In 2011, there is no championship for the Cavaliers to win; there are no playoff games for which we need a 4th quarter assassin. We need a future before any of those things are possible. GM Chris Grant will be the architect of that future, and he has done little to encourage Cavs fans to place trust in him. This is through no fault of his own. He’s just the new guy; we will learn more of his strengths and weaknesses over the coming years. It’s difficult to know how much input he had on the Cavaliers’ front office decisions over the five years he spent working under Danny Ferry (Dan Gilbert, upon his promotion, characterized him as “instrumental in a lot of things we’ve done”), though he obviously acquired enough influence that the Cavaliers felt comfortable handing him the keys. Since he has become the face of the Cavs’ front office, the only major transaction he has made was, by consensus, “good”: a top 10 pick in exchange for a couple role players and the burden of a talented underachiever with a lousy contract.
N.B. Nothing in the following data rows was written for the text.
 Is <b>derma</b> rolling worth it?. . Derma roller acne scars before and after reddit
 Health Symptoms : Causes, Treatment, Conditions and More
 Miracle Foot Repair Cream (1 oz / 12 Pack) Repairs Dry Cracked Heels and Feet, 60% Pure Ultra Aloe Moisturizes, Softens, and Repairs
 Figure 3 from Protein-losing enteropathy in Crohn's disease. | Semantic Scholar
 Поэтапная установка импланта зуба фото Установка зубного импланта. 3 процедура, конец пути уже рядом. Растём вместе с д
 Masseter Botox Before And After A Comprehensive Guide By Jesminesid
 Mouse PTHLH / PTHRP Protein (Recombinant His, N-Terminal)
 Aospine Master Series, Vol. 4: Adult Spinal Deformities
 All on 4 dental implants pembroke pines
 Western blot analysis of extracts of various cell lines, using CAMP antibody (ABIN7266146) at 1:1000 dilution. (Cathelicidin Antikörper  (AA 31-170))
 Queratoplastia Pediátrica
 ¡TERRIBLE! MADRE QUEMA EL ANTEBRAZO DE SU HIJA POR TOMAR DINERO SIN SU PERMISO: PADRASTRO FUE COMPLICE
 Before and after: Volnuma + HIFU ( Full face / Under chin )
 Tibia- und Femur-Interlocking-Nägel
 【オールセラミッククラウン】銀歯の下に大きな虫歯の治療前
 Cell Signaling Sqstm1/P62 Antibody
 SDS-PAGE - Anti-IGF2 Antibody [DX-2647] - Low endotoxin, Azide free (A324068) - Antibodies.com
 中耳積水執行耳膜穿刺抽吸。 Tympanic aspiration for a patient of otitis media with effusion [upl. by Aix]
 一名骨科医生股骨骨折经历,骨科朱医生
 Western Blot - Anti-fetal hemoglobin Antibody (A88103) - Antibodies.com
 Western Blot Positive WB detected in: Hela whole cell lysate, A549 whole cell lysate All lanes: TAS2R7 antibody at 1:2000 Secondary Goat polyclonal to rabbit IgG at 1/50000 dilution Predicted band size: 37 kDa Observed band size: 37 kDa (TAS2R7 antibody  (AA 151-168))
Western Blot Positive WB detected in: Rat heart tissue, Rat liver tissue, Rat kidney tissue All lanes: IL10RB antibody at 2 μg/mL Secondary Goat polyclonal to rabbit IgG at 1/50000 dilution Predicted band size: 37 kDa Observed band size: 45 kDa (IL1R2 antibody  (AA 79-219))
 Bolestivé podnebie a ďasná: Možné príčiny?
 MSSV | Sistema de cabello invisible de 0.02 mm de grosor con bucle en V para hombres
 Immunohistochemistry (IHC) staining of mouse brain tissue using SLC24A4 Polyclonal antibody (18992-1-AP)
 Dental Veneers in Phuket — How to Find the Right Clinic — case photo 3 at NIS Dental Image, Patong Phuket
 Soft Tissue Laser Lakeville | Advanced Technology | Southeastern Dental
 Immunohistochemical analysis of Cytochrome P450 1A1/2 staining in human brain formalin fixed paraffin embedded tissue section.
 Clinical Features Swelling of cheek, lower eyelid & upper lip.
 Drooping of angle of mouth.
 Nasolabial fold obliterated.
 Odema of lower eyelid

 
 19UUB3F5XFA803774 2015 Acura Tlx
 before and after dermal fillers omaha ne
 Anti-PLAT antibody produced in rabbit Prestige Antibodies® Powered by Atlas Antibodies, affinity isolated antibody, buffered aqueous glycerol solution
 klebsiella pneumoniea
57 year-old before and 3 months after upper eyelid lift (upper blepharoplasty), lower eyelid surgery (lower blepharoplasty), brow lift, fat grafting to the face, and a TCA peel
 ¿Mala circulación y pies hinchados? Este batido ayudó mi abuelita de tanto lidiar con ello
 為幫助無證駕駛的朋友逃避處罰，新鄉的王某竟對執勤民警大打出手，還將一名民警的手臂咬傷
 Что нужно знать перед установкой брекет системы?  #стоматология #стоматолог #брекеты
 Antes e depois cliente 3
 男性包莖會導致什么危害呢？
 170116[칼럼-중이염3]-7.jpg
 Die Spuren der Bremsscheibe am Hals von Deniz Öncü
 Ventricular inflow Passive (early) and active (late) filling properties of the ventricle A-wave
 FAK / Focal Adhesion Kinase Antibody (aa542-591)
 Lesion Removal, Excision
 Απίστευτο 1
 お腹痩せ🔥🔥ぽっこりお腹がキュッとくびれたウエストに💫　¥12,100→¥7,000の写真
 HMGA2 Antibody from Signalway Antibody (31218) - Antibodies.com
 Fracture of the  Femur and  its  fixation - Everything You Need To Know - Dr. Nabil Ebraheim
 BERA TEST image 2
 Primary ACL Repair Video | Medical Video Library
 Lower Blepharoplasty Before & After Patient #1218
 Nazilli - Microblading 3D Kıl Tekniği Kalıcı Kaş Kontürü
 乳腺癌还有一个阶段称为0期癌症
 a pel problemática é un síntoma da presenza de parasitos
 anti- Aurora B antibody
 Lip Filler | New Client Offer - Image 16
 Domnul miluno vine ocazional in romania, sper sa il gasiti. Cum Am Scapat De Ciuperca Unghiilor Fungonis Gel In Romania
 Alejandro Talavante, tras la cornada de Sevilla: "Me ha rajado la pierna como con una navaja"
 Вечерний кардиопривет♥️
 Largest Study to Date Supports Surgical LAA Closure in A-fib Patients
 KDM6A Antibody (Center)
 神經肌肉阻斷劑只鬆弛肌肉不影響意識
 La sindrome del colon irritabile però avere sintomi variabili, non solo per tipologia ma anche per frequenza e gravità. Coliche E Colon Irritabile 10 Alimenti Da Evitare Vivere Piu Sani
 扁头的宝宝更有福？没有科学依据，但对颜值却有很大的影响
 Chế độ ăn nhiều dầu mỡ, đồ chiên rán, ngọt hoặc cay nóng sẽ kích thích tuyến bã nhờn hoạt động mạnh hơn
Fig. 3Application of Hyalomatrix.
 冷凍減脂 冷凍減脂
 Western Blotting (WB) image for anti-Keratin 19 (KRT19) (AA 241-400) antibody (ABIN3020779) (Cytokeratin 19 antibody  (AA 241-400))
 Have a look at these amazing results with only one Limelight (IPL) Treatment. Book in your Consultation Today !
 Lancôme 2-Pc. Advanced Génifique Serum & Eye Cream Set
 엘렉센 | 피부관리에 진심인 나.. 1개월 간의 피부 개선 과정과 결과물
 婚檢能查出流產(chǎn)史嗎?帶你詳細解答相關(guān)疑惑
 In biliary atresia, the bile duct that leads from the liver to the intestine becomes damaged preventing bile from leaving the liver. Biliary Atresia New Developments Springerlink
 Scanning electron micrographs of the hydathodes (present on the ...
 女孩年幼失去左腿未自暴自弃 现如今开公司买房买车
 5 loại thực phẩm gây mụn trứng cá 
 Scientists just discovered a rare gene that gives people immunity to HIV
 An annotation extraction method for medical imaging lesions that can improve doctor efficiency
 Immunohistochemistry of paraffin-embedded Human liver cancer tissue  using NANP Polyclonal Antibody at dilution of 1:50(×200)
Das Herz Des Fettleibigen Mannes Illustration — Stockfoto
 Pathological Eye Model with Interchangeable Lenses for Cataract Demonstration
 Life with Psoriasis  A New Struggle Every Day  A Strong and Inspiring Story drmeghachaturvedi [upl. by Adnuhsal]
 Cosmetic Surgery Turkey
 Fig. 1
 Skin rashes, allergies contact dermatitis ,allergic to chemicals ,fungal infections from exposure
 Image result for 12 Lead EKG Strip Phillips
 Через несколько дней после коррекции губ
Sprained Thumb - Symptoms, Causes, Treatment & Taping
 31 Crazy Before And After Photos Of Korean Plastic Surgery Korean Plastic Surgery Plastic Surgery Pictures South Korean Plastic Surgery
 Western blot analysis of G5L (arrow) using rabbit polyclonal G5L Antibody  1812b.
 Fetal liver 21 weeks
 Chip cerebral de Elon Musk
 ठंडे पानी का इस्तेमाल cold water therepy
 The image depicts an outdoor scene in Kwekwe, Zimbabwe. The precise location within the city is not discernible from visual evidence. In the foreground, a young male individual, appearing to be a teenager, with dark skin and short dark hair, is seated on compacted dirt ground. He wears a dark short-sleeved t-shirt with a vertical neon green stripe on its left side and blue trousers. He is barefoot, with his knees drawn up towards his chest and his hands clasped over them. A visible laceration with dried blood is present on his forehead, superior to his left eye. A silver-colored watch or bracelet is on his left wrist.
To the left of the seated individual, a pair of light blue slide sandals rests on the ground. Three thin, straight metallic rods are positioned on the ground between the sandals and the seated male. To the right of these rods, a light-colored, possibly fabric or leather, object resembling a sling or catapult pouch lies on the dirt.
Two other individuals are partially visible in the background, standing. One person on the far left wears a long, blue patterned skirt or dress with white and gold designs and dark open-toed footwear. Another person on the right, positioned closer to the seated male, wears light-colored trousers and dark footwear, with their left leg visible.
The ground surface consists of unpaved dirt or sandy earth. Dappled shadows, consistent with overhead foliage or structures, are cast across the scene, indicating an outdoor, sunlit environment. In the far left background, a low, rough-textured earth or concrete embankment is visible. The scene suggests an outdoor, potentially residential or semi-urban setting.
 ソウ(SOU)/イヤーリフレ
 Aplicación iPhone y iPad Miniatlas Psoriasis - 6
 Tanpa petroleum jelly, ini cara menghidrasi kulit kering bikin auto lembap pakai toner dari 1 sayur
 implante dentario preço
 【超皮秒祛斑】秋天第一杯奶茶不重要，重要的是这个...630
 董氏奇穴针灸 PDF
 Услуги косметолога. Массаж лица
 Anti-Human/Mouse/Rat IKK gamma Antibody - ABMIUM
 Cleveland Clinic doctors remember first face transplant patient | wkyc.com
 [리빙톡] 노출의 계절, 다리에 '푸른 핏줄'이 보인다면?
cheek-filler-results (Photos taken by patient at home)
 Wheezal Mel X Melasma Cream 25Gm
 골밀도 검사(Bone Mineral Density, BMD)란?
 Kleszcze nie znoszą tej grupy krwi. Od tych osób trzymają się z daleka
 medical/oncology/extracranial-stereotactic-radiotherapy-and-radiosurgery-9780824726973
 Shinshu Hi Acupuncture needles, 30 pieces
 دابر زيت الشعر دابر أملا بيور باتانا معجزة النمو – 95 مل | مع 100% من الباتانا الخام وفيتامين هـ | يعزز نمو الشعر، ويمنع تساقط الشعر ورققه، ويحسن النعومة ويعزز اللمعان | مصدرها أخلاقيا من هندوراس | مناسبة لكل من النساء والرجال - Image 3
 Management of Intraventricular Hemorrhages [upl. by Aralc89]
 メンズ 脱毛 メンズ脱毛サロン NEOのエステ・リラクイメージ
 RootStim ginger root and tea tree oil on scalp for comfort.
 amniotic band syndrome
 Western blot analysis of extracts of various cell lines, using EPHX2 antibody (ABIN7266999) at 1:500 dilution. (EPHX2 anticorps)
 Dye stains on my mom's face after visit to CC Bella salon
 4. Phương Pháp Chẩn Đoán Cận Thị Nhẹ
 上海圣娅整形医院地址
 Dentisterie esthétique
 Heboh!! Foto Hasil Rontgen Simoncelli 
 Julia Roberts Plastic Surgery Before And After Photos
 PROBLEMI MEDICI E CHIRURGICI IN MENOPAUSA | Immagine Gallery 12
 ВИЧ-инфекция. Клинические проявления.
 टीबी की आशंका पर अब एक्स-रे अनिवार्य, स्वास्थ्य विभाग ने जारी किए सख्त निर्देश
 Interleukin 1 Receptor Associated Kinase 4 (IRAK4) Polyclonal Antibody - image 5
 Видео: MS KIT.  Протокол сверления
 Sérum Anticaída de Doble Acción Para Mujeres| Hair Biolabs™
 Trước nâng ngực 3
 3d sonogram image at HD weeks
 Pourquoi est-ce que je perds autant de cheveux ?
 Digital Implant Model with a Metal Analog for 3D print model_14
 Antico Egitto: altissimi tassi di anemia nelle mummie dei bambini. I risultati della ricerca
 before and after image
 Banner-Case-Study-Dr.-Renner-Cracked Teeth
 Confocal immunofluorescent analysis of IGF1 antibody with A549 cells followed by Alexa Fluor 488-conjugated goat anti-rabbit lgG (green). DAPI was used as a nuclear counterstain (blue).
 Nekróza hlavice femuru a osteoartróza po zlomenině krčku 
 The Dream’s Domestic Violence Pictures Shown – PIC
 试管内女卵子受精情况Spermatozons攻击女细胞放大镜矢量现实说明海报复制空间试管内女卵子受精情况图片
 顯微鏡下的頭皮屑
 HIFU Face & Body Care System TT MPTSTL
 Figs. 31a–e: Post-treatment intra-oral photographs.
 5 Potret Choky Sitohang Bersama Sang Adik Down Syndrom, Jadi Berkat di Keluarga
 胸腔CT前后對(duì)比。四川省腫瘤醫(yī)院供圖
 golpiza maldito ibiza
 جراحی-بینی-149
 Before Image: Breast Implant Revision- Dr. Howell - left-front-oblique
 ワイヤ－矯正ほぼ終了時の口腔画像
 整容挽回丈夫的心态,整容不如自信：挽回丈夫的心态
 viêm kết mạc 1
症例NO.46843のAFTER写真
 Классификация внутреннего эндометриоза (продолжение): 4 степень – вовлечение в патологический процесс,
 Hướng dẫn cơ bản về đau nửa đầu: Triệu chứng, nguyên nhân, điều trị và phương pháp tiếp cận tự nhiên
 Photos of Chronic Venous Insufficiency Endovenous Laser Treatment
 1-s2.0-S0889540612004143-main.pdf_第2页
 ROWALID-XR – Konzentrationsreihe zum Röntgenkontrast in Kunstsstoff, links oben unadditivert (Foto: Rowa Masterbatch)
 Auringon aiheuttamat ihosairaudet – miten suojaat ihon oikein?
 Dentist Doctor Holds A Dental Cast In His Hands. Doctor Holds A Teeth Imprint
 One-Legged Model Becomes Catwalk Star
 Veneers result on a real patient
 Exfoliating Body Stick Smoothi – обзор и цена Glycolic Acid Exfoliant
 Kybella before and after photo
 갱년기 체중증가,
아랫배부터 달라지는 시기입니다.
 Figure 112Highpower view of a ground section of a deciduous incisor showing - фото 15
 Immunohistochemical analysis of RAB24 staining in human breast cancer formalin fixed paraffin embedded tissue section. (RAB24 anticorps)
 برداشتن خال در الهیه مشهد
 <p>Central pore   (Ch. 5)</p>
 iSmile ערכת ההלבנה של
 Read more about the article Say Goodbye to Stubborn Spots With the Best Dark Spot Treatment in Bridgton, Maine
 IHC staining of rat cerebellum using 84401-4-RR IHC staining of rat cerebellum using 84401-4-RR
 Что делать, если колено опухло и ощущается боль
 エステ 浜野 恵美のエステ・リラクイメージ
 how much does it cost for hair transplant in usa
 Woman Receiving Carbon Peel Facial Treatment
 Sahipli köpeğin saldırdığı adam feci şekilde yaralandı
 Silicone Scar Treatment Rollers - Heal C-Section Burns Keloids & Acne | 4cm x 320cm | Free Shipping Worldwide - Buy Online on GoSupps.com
One wonders whether this top 10 pick will be a starter or all-star; if he will be overwhelmed by the NBA and end up balling in Greece with an ancient Sasha Pavolovic; or if he will desert us at the peak of his powers. Because that’s all one can do: wonder and hope. Maybe write an overlong blog post. The only certainty for a Cavalier fan is that this team will be constructed without their consultation. If the Cavs draft the next Darko with the fifth pick, we are afforded remarkably useless tools of dissent: boos and profanity. Anger will grow in desire’s stead.

But hope is a mysterious power. Battered as Cavaliers fans are, one dreadful season cannot drain us of our hope. We have experienced the euphoria of serendipity too recently to forsake hope. Drunk with its fervor, I send a plea into the ether of cyberspace, perhaps into the ears of someone who can help: build us a future. Build us a young team with talent and promise for whom we can desire victory. Give us look out for us next year! Then develop those players and add energy guys and bench scorers and athletic defenders who nail open corner threes. Build us a team for whom we can desire a playoff run. Build us a team that pushes a better one to seven games. Build us a team that exceeds expectations. Then add a final piece. A late-round draft pick, a reclamation project, a veteran who sets screens and rebounds. Give us a team for whom we can desire a championship. A team that melts our limbs. A team down four with three minutes left in Game Six of the Eastern Conference Finals. Give us desire, and let it render us dizzy and furious and barely swimming in its spirit-rendering sap.